BEGIN Available records

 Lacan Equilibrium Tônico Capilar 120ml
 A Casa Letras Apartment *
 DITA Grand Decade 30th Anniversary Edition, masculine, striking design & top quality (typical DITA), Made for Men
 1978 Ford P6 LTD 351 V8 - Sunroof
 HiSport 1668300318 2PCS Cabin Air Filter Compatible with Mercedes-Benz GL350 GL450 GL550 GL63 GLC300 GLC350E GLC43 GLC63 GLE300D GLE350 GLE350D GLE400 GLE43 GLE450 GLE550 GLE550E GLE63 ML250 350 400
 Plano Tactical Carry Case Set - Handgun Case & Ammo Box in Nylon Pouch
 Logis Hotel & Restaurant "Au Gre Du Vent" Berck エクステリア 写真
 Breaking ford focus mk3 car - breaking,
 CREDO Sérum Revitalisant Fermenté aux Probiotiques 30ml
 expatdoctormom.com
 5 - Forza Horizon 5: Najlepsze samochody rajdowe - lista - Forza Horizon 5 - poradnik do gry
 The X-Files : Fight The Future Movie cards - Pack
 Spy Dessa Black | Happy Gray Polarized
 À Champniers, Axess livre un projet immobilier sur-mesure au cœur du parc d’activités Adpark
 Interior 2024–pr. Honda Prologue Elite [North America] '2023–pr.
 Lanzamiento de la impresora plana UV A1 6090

END Available records

### What needs to be done
Could you copy exactly the lines from the one containing "The X-Files : Fight" through the end of the records above, and nothing more?

### Response area
 The X-Files : Fight The Future Movie cards - Pack
 Spy Dessa Black | Happy Gray Polarized
 À Champniers, Axess livre un projet immobilier sur-mesure au cœur du parc d’activités Adpark
 Interior 2024–pr. Honda Prologue Elite [North America] '2023–pr.
 Lanzamiento de la impresora plana UV A1 6090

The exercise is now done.